Es klingt, als wäre Nina Walser sehr wütend. Zum Beispiel wenn sie ins Mikrofon schreit: »Mein Körper ist mein Template. Dein Körper ist mein Tablet.« Viel mehr Text gibt es im ersten Song des Debütalbums von Friends Of Gas nicht. Nur: »Wir sind zu glatt und transparent.« Unterlegt wird Walsers heiserer, doch krachender Gesang von krautigen Gitarren und drängendem Schlagzeug. Wenn man Nina Walser, über die man mal gelesen hat, dass sie gar nicht wütend sei, fragt, was denn bitte sonst, antwortet sie: »Quecksilbrig.«
Sie ist schwer zu fassen, diese Band aus München, die im letzten Jahr mit ihrem Album »Fatal Schwach« einfach mal so einschlug in die Musikgewohnheiten. Denn schon der zweite Song »Ewiges Haus« klingt wieder ganz anders. Walser haucht hier geradezu, dass sie nur »einen Stein, eine Schere und Papier« habe: »Und wenn du mich fragst, wo ich wohnen will, sage ich nichts mehr.« Was interpretationsfreudige Menschen gleich als Anti-Gentrifizierungssong ausmachen wollten. Doch ist er es wiederum auch nicht. Friends Of Gas sind jeder Eindeutigkeit vollends enthoben. So kann Nina Walser die Zeilen »I don’t need my teeth« im selben Atemzug singen wie »I need my teeth« – jeweils mit einer Dringlichkeit, die keine Fragen offen lässt. Wollen sie irgendetwas mitteilen mit ihren Songs? »Wer was macht, will meist was mitteilen. Deshalb muss es aber nicht erklärend sein«, sagt Walser und erklärt natürlich nichts.
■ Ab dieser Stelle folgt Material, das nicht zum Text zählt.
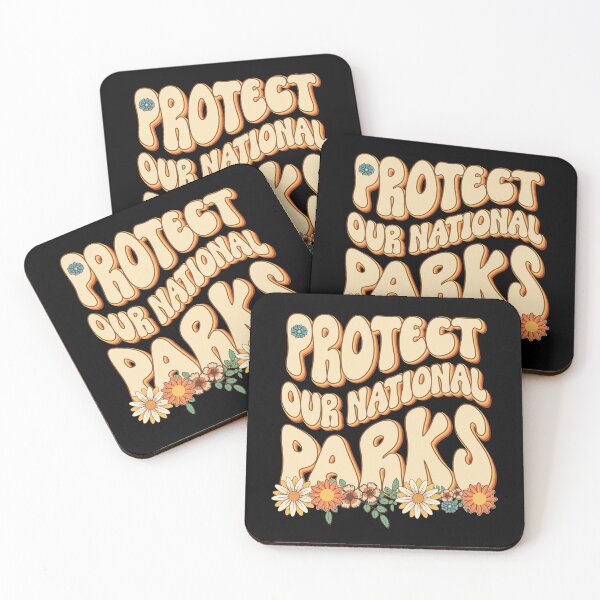 Item preview, Protect our national parks retro climate call to action groovy hippie designed and sold by HomeCoquette.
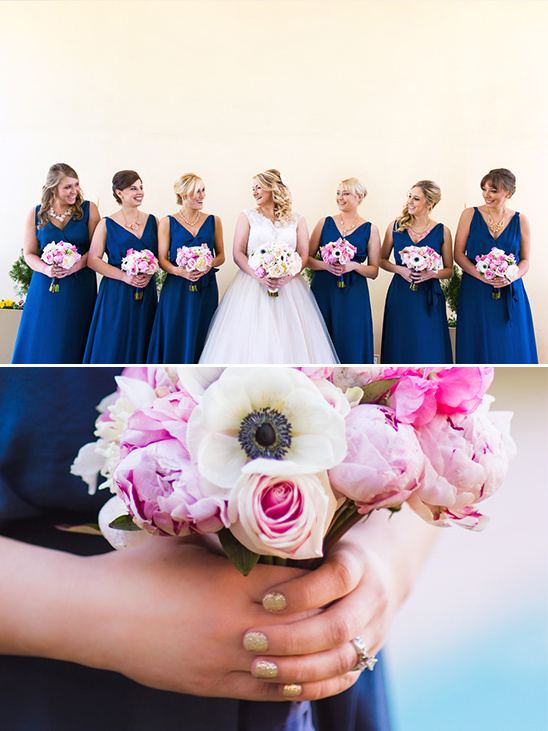 blue bridesmaid dresses with gold nails @weddingchicks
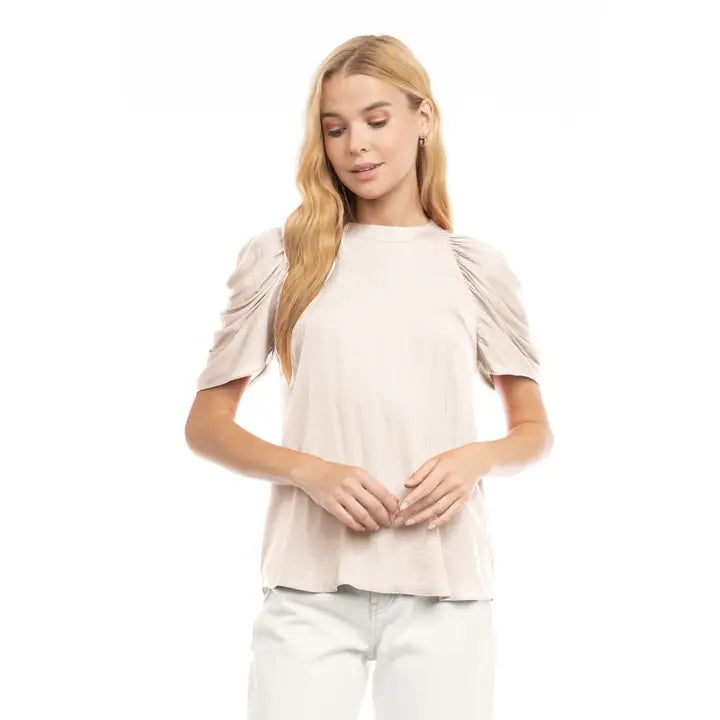 Papyrus Draped Shoulder Satin Blouse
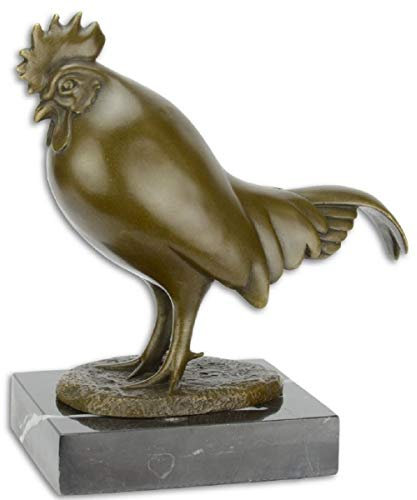 Casa Padrino Lyxig bronsfigur tupp fågel brons/svart 11 x 19,4 x H. 21,3 cm – vardagsrumsdekoration skulptur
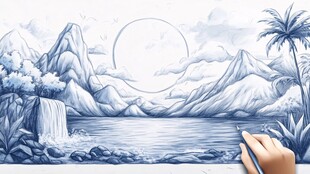 手绘山水风景优美画面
Kurz nach den Ausschreitungen beim G20-Gipfel in Hamburg sagen sie dann aber doch im kreuzer-Interview, dass der Song »Kollektives Träumen« trotz Zeilen wie »Gewalt geht immer, es geht nach vorne« und der ständigen Wiederholung von »wendet Gewalt an« auf keinen Fall ein stumpfer Aufruf zur Gewaltanwendung sei. Ein inhaltlich relevantes politisches Statement abzugeben, würde ihrer Meinung nach aber den Rahmen bei Weitem sprengen, also fügen sie nur noch an: »Der Plan, autonome Zentren wie die Rote Flora schließen zu wollen, ist ein vollkommener Irrsinn, der viele zu Recht wütend machen wird.«
Vielleicht sollte man den Texten auch gar nicht so viel Beachtung schenken, fügt sich Walsers ausdrucksstarke Stimme doch eher wie ein weiteres wichtiges Instrument in den dunklen, treibenden, lauten Post-Punk-Kraut-Rock-Sound ein. Die Texte von Friends Of Gas entstehen meist unabhängig von den Songs, werden mit der Musik neu kombiniert oder verändert: »Alles entsteht beim Machen, wir lassen uns eher treiben«, sagt Walser. So haben sie das Album »Fatal Schwach« produziert, während sie sich tagelang in einer kleinen Konzertbaracke in München – im Kafé Kult, wo schon Nirvana vor ihrem Durchbruch auftraten – mit Max Rieger von Die Nerven zurückgezogen haben, der die Songs live eingespielt aufnahm. »Die zwischenmenschlichen Beziehungen werden sensibler und feiner, man wächst mehr zusammen«, sagt Walser zu dieser Gemeinschaftsarbeit auf engem Raum.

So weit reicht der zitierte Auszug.